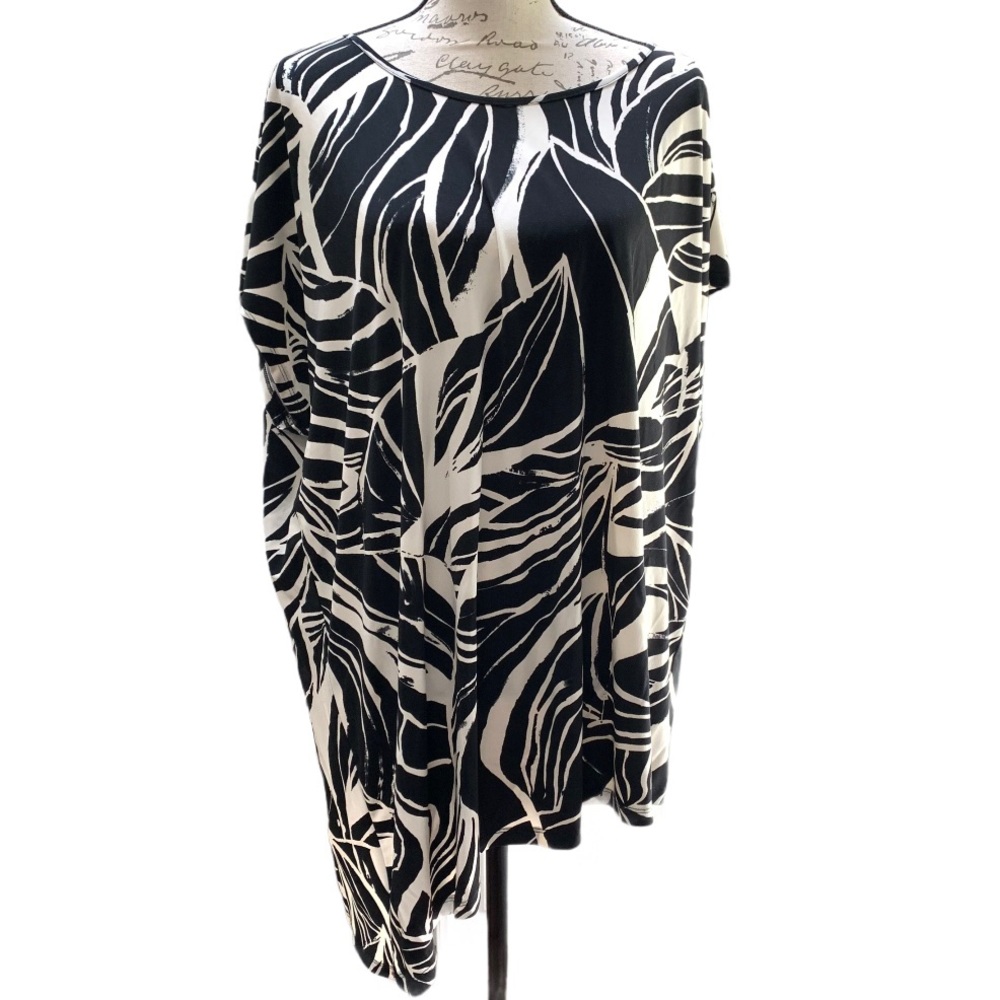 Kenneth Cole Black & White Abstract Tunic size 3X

==

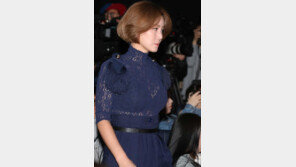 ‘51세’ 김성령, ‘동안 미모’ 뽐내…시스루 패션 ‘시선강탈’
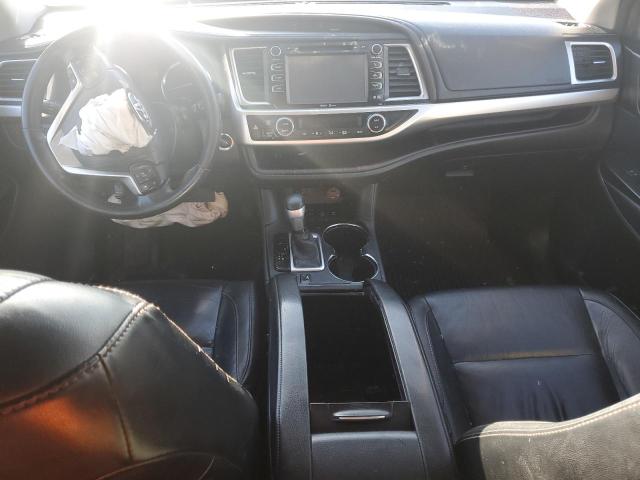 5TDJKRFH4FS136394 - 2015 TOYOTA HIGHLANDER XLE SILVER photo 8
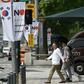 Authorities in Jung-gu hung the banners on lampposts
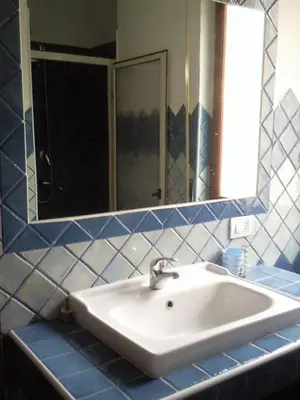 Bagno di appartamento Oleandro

** Your instructions **
In the entries above, find the line containing "뽐내…시스루 패션 ‘시선강탈’" and the line containing "Bagno di appartamento Oleandro", then copy both and every line between them exactly, without any picture.

** Response **
 ‘51세’ 김성령, ‘동안 미모’ 뽐내…시스루 패션 ‘시선강탈’
 5TDJKRFH4FS136394 - 2015 TOYOTA HIGHLANDER XLE SILVER photo 8
 Authorities in Jung-gu hung the banners on lampposts
 Bagno di appartamento Oleandro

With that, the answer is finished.